Graças ao Tamoio, volto a testemunhar o equilíbrio das relações sociais de uma cidade em que os contrastes tentam se camuflar, mas só se acentuam em diferentes campos. O lazer é o que mais nos surpreende. Não que eu jamais tenha frequentado sambas na ZNorte. Quando criança, era comum ir ao Maxwell, à Vila, à Mangueira. Quem organizava as caravanas era o Waldinar Ranulpho, que trabalhava na Última Hora onde papai era redator. Meu padrinho, João Ribeiro, era o motorista dessas incursões. Invariavalmente, perdíamos uma hora e meia na viagem, devido à falta de familiaridade de João com os caminhos.
Nas escolas de samba e nas rodas, éramos tratados como aristocratas graciosamente visitando o campesinato. Waldinar só nos chamava quando havia alguma homenagem à imprensa. Uma adorável figura, reverenciada pelos sambistas e macumbeiros, adorava carregar os mauricinhos da ZSul para seu habitat.
Adolescente, eu bem que tentava manter alguma dignidade ao lado de meus pais e padrinhos que partiam para a pista, dançando e sambando sem a menor compostura. Depois de fazer pose e armar carranca por uma meia hora, eu me rendia ao samba e caia na folia, sem ligar se dançava bem ou não. O que valia era ser contagiada pela animação que desafiava o calor e o cansaço.
Trinta e alguns anos depois, preparada para morrer de calor na quadra da Império Serrano,surpreendo-me com a alegria que a maturidade nos fornece. Quando repórter jovem, pouco me divertia nos plantões de domingo, correndo os subúrbios para cobrir a vida dos outros. Hoje, observo essa vida alheia como um aquário no qual gostaria de mergulhar, mas que devo respeitar, para não poluir com minha inadequação o ambiente que surge exuberante do outro lado do vidro.

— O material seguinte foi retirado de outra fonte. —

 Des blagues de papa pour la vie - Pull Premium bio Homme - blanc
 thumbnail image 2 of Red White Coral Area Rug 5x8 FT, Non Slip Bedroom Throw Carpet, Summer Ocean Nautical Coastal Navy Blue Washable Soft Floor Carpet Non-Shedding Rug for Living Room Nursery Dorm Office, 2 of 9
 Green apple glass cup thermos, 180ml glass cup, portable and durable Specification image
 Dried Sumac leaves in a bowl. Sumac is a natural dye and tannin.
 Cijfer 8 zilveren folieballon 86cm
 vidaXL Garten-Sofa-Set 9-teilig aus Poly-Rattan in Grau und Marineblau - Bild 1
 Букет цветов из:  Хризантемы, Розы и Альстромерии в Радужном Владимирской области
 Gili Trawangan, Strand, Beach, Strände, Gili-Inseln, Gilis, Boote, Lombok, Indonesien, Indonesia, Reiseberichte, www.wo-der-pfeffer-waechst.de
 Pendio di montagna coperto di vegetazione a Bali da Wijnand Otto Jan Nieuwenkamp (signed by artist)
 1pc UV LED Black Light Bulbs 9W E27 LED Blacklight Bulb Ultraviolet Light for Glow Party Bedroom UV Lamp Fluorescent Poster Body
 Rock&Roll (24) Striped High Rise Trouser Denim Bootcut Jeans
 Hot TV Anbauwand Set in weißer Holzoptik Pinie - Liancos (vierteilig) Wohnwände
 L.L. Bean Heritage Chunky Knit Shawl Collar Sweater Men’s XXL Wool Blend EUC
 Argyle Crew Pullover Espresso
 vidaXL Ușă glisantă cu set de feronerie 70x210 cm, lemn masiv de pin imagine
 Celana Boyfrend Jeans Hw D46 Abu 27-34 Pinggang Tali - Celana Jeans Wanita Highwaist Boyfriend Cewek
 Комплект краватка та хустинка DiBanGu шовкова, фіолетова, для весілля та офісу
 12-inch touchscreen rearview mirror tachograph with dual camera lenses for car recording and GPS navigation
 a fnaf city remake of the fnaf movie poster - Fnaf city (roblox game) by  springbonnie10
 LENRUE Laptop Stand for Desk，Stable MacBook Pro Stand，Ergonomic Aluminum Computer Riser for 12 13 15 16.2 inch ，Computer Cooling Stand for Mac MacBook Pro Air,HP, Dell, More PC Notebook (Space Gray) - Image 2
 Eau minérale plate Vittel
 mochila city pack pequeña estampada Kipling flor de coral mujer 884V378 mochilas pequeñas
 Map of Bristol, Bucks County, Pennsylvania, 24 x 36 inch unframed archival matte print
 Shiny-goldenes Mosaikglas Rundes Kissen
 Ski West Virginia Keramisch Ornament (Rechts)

O encantador nesse povo que dança entusiasmado é que eles não têm qualquer pudor nem tempo para reparar nos defeitos alheios. Estão na quadra para se divertir, para encontrar os amigos, brincar, namorar, viver paixões. As jovens passistas não são mais cabrochas. São lindas e desempenham papéis, entre eles o de enfeitiçar o público. Quase todos têm samba no pé, incluindo senhores de cabeças brancas, elegantes, que puxam qualquer dama para volteios como se estivessem em salões de baile. Há os homens de meia-idade que envergam camisas com inacreditáveis estampas. E os poderosos, de profissões não reveladas, com roupas de linho, cercados por belas ex-passistas. Na cozinha, as "tias" dançam enquanto servem quem foi ao samba para comer feijoada. A sede só é aplacada com cerveja. Moços e velhos sacam de bolsos ou bolsas acessórios preciosos para enfrentar o calor: toalhinhas de mãos, com as quais escondem as evidências da transpiração, leques ou ventarolas, uma tentativa de suportar o ar pesado e sufocante.
Em nosso camarote, mimados como celebridades, dançamos timidamente enquanto a quadra já recebe mais de mil pessoas, que pulam sem se importar com a temperatura que aumenta, vibrando com sambas de outras escolas. O que vale é viver e se integrar.
Então, a gente volta à vida real, tranquila, bem-comportada, no ar-condicionado. Deste lado do vidro.
5 comentários:
gostei... "deste lado do vidro"...
saudades sabe de q? de ver o jongo...
tô com saudades de você, Olguíssima. beijocas.
Deverias ter ido a minha feijoada, na São clemente e levado todos os meninos para se misturarem com os meus.
Ana, me avisa quando vc vier à feijoada da S. Clemente. Mas à da Império eu fui para trabalhar. beijo!